Es ist schon bemerkenswert, dass ein amtierender Bundespräsident, der schon zu seinem Antritt durchblicken ließ, dass er dem Europathema größeren Stellenwert einräumen wolle und dies in Anlehnung an Brandt mit den Worten „Mehr Europa wagen!“ ankündigte, eine derartig zahme und wenig mutige Rede hielt.Gauck wagte sich nicht aus der Deckung. Er machte Ausflüge in die Geschichte Europas, stellte rein deskriptiv dar, dass es Europäer gibt, die den Bundesstaat möchten und solche die ein „Europa der Vaterländer“ bevorzugten. Er erinnerte auch an den Den Hager Kongress. Anders als die meisten Teilnehmer dort vermied er es tunlichst, konkrete Positionen zu beziehen, vielleicht in dem Wissen, dass er sich damit angreifbar machen würde, da bei einer solchen Positionierung mit Sicherheit Widerreden erfolgen würden.
Das ist reichlich absurd. Gauck ist aufgrund seines Amtes in der Lage Agenda-Setting zu betreiben. Mit Spannung wurde die Rede erwartet und dann nutzt der Präsident diese Möglichkeit lediglich dafür, festzustellen, dass dringend Diskussionen um die Zukunft Europas notwendig seien. Er bietet allerdings nicht einen wirklichen Angriffspunkt, am dem sich eine substanzielle Debatte wirklich entzünden könnte.
Wofür bedarf es eines Bundespräsidenten, dessen einziges wirkliches Gestaltungsmittel das Wort ist, wenn selbst der amtierende Außenminister und „oberste Diplomat“ unseres Landes sich deutlich visionärer äußert und den Versuch unternimmt eine Richtung zu weisen?
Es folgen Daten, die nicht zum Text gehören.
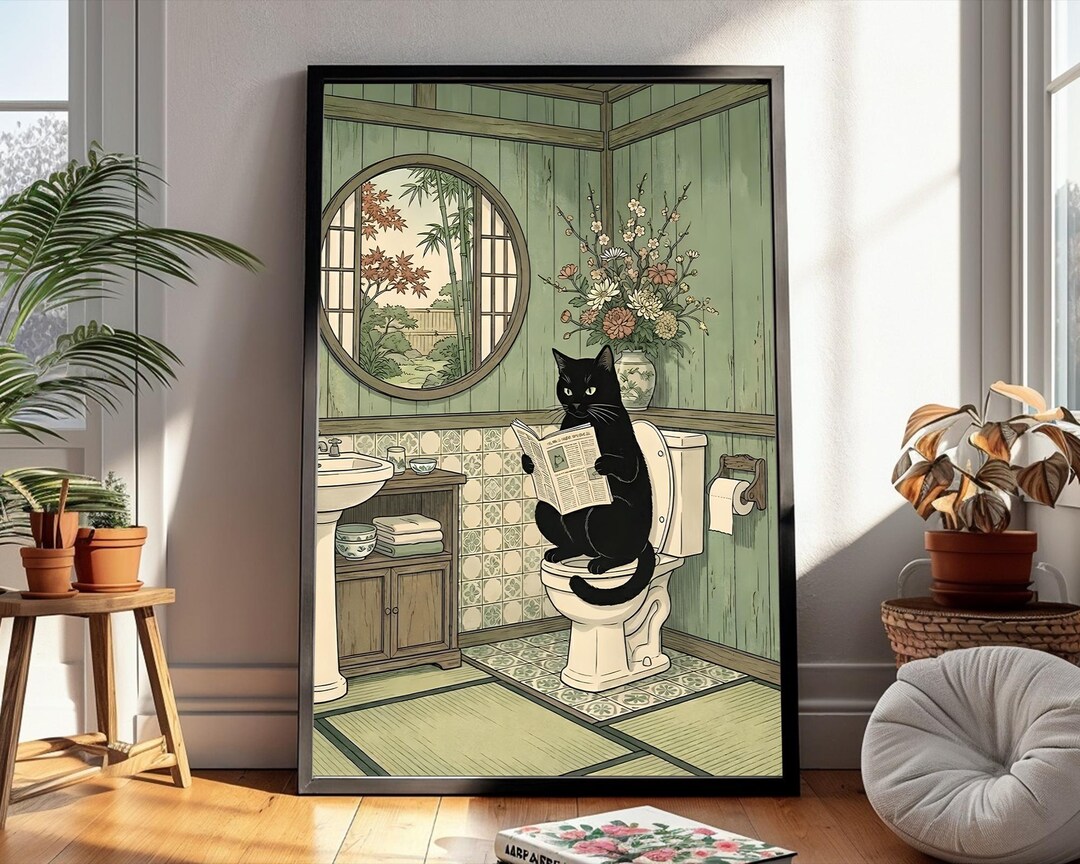 Funny Japanese Black Cat Toilet Poster, Cat Reading Newspaper Print ...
Gauck fordert „Bannerträger“ und „Gestalter“. Er selbst bleibt stehen. Angesichts solcher Farb- und Mutlosigkeit wünsche ich mir fast den Wulff zurück, der sich immerhin traute das Migrationsthema zu wählen oder einen Herzog, der mit seiner Ruck-Rede tatsächlich eine breitere Debatte auslöste.
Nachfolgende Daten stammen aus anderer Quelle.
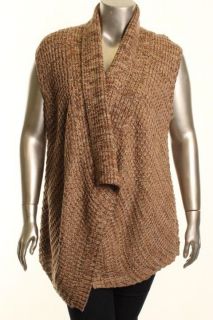 Karen Scott New Brown Marled Open Front Pull on Casual Sweater Vest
Gauck hingegen beschränkt sich auf wenige unwesentliche Dinge.
Zum Beispiel darauf Bürgerpflichten zu betonen: „Sei nicht gleichgültig„, „sei nicht bequem“ und „erkenne Deine Gestaltungskraft„! Diese Appelle werden folgenlos verhallen. Sie haben keinen Adressaten, der sich von ihnen motivieren ließe. Zudem ist seine dritte Forderung inhaltsleer. Er fordert den Bürger auf zu gestalten, sagt aber nicht wie. Er stellt Ansprüche und die einzige Antwort, die er dazu gibt, ist, dass das Instrument der Europäischen Bürgerinitiative genutzt werden solle. Zum zentralen Instrument der politischen Meinungsbildung, den Wahlen zwischen politischen Alternativen, schweigt er sich aus!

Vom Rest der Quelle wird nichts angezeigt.